Faire boiter le cheval nous vient de l’époque surannée où ce noble animal (bien effrayant pour moi par ailleurs) était le mode de locomotion le plus efficace avant de devenir la soi-disante plus belle conquête de l’Homme. En ces temps équestres et surannés donc, le cavale était autant indispensable à la bonne marche du siècle que l’est aujourd’hui le Wifi, je dis ça pour les plus jeunes d’entre nous. Et le maréchal-ferrant était un peu la hot-line de Free (je file la métaphore), vous savez le type qui vous demande si vous avez allumé votre ordinateur quand vous lui dites que les Internets sont tout cassés ou qui vous répond qu’il va vous envoyer un e-mail pour vous expliquer comment configurer la réception de vos e-mails. On disait alors que cet homme de l’art faisait boiter le cheval, autrement dit qu’il décidait selon son bon plaisir et son humeur de votre mobilité du lendemain. S’il était bien tourné il vous débloquait le Wifi en deux temps trois mouvements, s’il était de mauvais poil il vous mettait le bestiau au pré pour un moment.

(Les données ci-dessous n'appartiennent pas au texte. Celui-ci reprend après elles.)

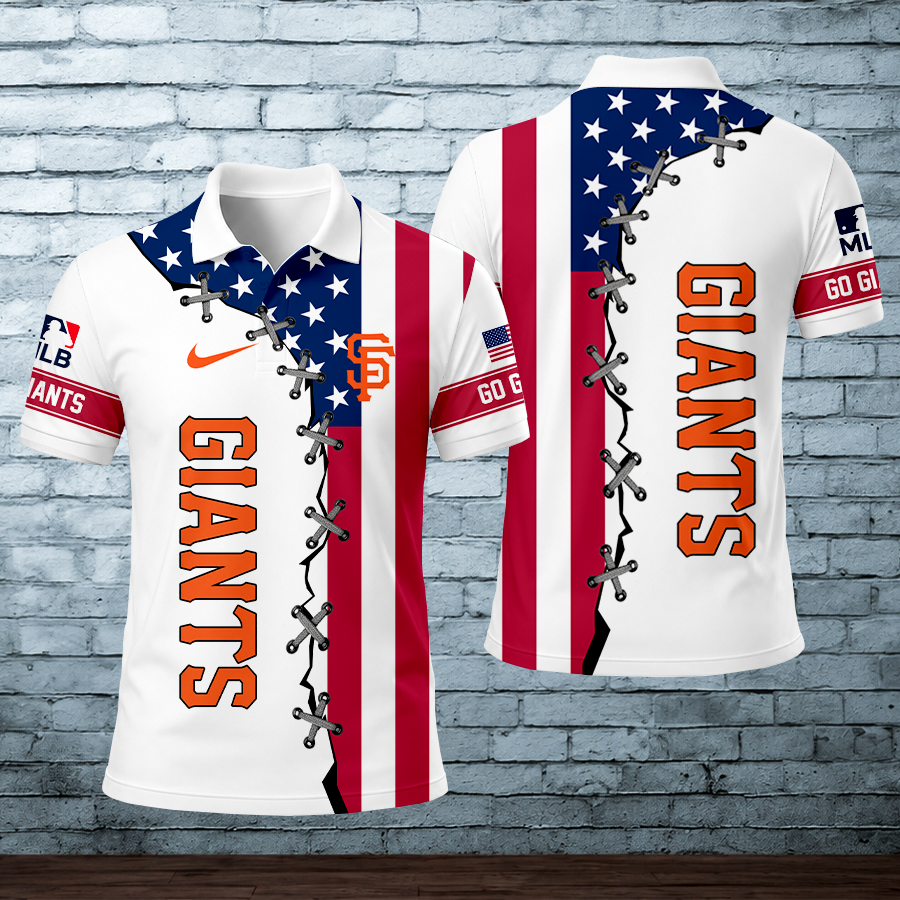 Limited Edition – Customized MLB San Francisco Giants Polo Shirt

Faire boiter le cheval c’est faire jouer un entregent mesquin et petit bras pour véroler une situation. Le bagagiste bougon fait boiter le cheval quand il envoie ma valise à Kuala Lumpur plutôt qu’à Tokyo. Le boulanger fait boiter le cheval quand il me donne une baguette calcinée alors qu’il sait bien que je l’aime pas trop cuite. La caissière de Carrefour fait boiter le cheval quand elle retourne mes Gervita et mélange ainsi la crème avec les fruits au prétexte de scanner le prix. Le facteur (pas le facteur cheval, je l’aime bien celui-là) fait boiter le cheval quand il met directement un avis de passage dans ma boite au lieu de sonner pour vérifier que je suis là et me livrer ce bouquin que j’attends depuis trois semaines. Bref le médiocre ordonnateur du quotidien fait boiter le cheval quand il a décidé de se payer ma tête qui ne lui revient pas.
Certains savants ont voulu y voir une expression de la dialectique hegelienne du maître et de l’esclave, celui qui peut faire boiter le cheval étant finalement le véritable maître. Pourquoi pas…
L’expression a rejoint son box elle aussi avec la naissance du cheval-vapeur qui deviendra par la suite cheval-fiscal. Hasard ou cavalière destinée, notons au passage que le garagiste et l’administration de l’impôt demeurent de nos jours deux compétences sachant encore bien faire boiter le cheval.